細川頼之 (ほそかわよりゆき)
【概説】
南北朝時代から室町時代初期にかけて活躍した室町幕府の守護大名、管領。2代将軍足利義詮の遺命を受けて幼少の3代将軍足利義満を補佐し、幕府権力の強化と中央集権化、さらには南北朝合体への基礎を築いた指導者である。
幼主・足利義満の後見と管領就任
細川頼之は、細川頼春の嫡男として生まれ、四国地方における南朝勢力の討伐などで軍功を挙げた。1367年、2代将軍足利義詮は自らの死の直前、まだ10歳であった息子の足利義満の後見を頼之に託した。頼之は執事(のちの管領)に就任し、幼君を擁して幕政を主導することとなる。頼之は、将軍の権威を高めるために武家のみならず朝廷や公家社会との対話に努め、足利将軍家を中心とする新たな国家秩序の形成を開始した。
中央集権化政策と守護勢力との対立
頼之が目指した政治は、幕府権力の集中と守護大名の統制であった。彼は、半済(守護が領国内の荘園や公領の年貢の半分を軍費として徴収する権利)の適用方法を定める「半済法」の整備などを行う一方で、有力守護による私的な土地横領を厳しく制限した。
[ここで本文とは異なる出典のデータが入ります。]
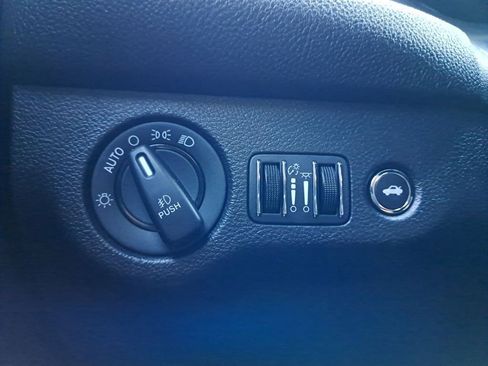 Used 2018 Dodge Challenger SXT Plus image 24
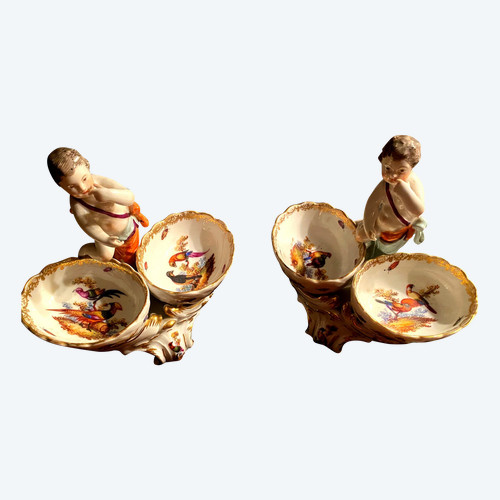 Very beautiful pair of 18th century Berlin porcelain salt cellars with decorated cherubs and double buckets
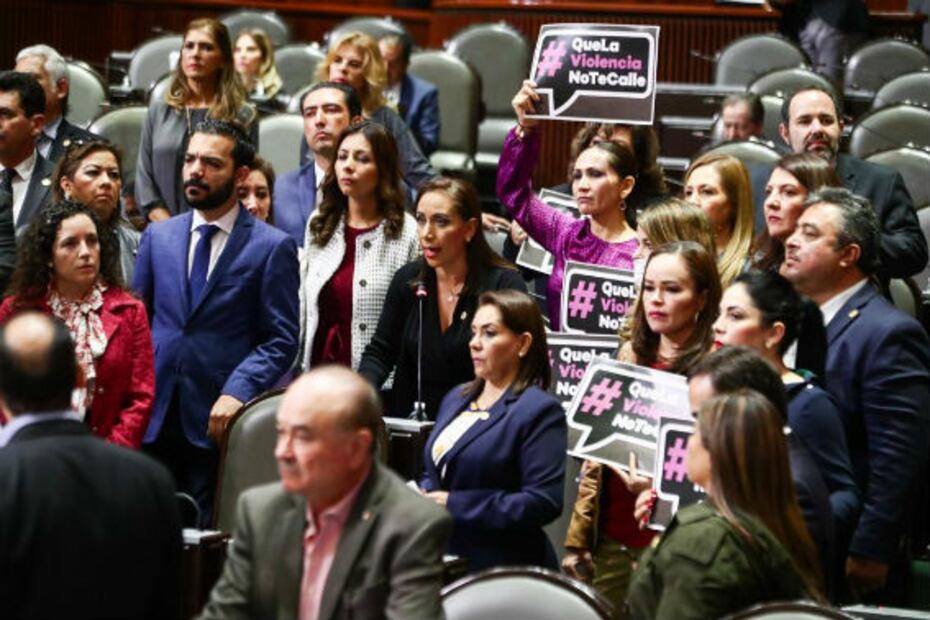 Fernández Noroña llama "bocona" y pide "darle una chinga" a diputada; ella lo denunciará y pide protección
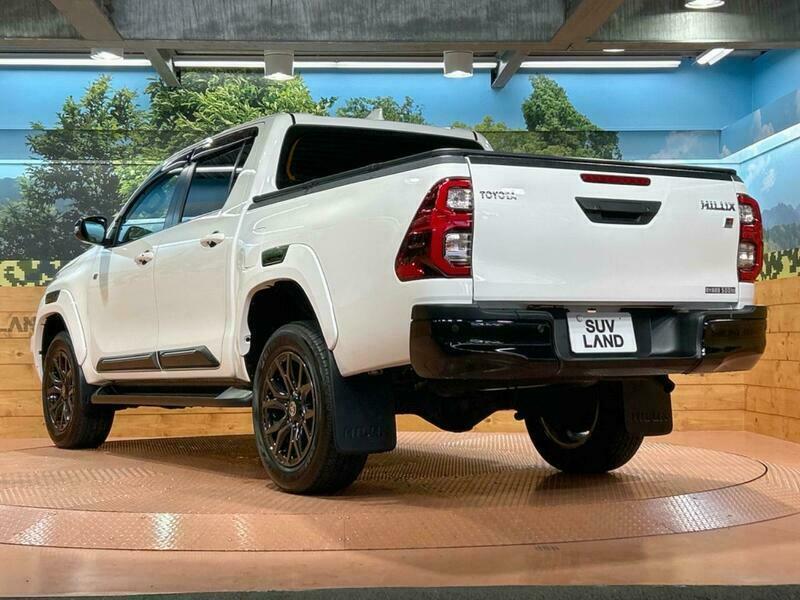 HILUX-11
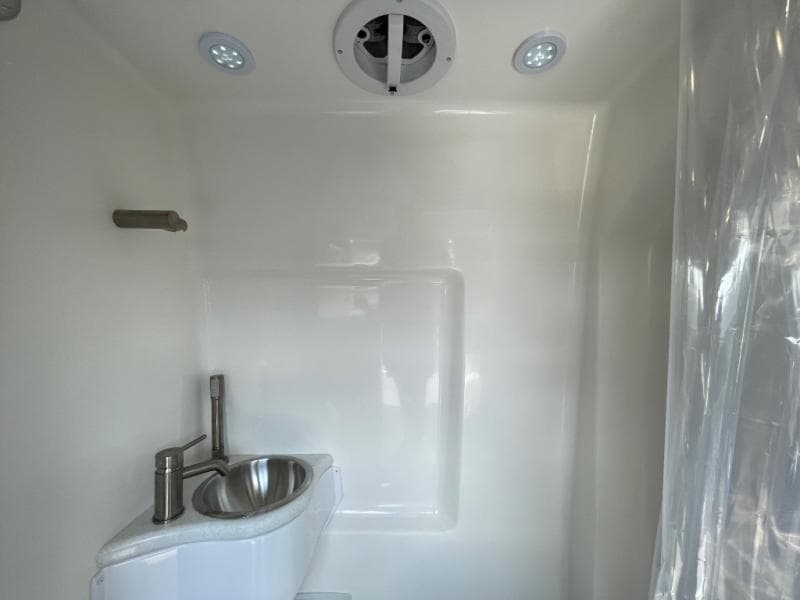 2025 Midwest Automotive Designs 2025 Midwest Automotive Designs Legend - thumbnail 15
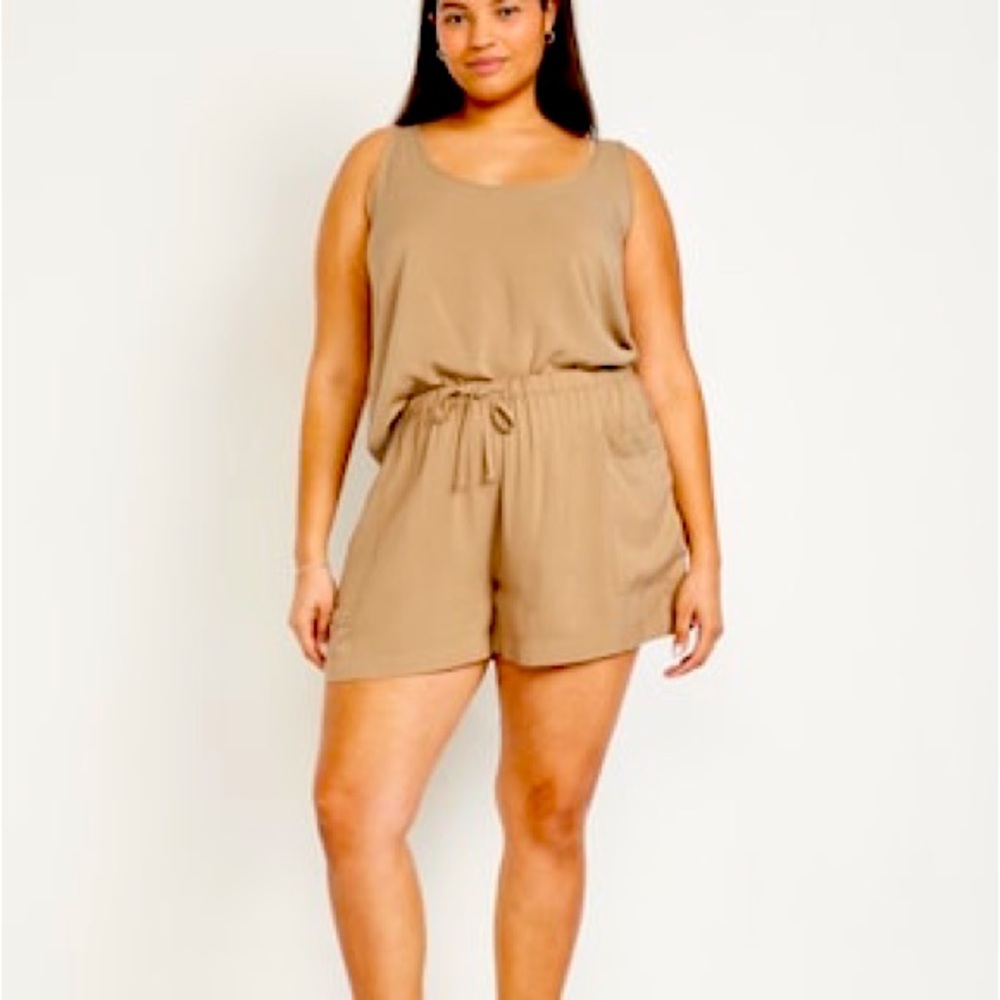 NWOT Old Navy High-Waisted Playa Shorts -- 3.5-inch inseam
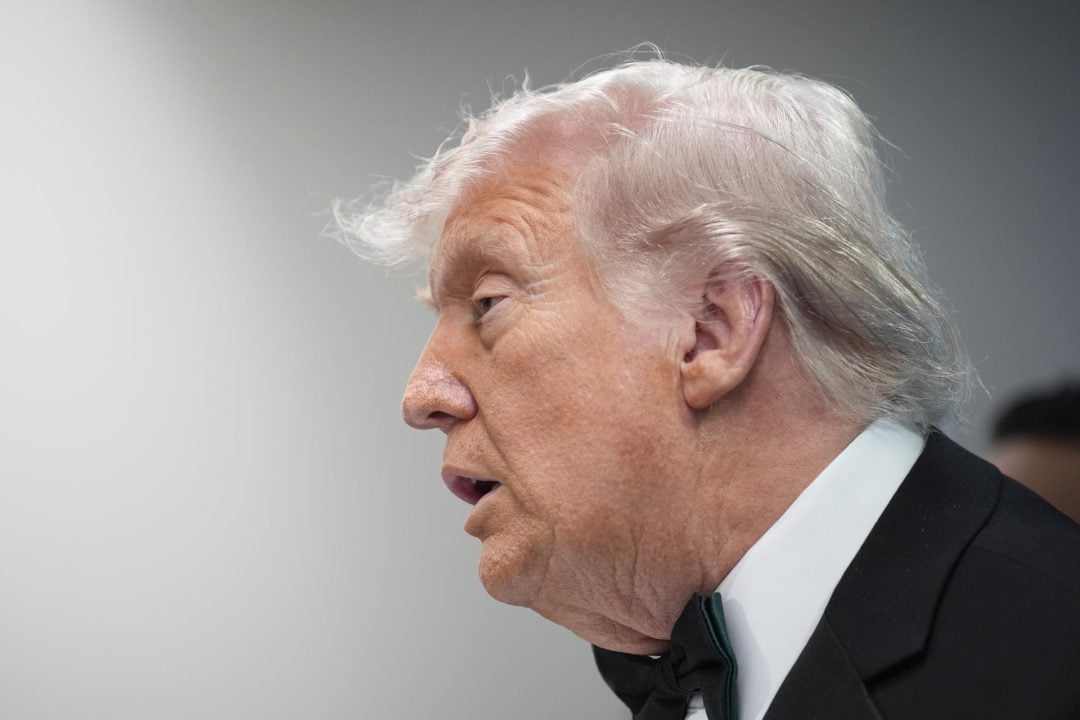 Índice de aprobación de Trump toca mínimo histórico
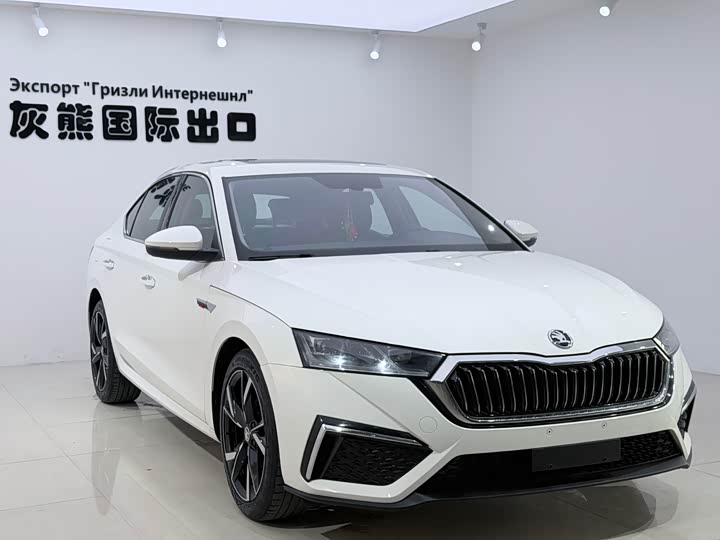 Skoda Octavia Pro, 2022 — фото 3 из 9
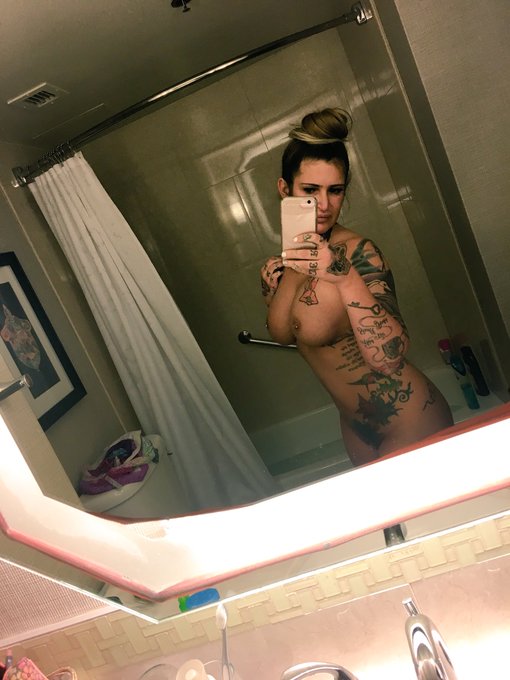 Bath time https://t.co/HxwlrmS1X7<a href="/tag/pinkpussy"class="tags"><span>#pinkpussy</span></a>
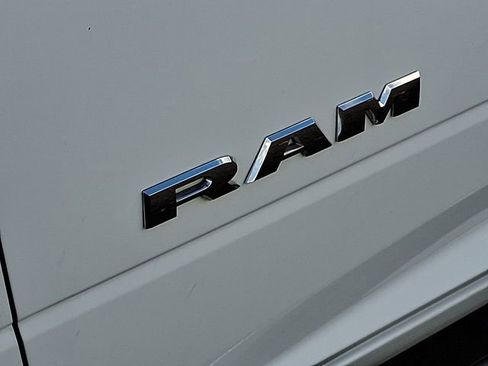 Used 2024 RAM 2500 Big Horn image 36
また、南朝との和平交渉を進め、長年の内乱に終止符を打とうと模索した。しかし、これらの一連の中央集権的政策や南朝融和策は、斯波氏や山名氏、土岐氏といった自立性の強い有力守護大名たちの強い反発を招くこととなった。
康暦の政変から復帰、そして南北朝合体への遺産
1379年、頼之への不満を募らせた斯波義将や土岐頼康らの有力守護が兵を率いて京都を包囲し、頼之の罷免を要求するクーデターが勃発した。これが康暦の政変である。将軍・義満も守護大名たちの圧力に抗しきれず、頼之は管領を辞任して領国である阿波(徳島県)へと下向した。しかし、義満が成長し親政を確立していく過程で、頼之の残した官僚制や政治路線はそのまま継承された。やがて頼之は赦免されて京都へと復帰し、義満を再び陰から支えた。彼が1392年に没した同年の末、義満の手によって悲願であった南北朝合体が成し遂げられ、室町幕府は全盛期を迎えることとなる。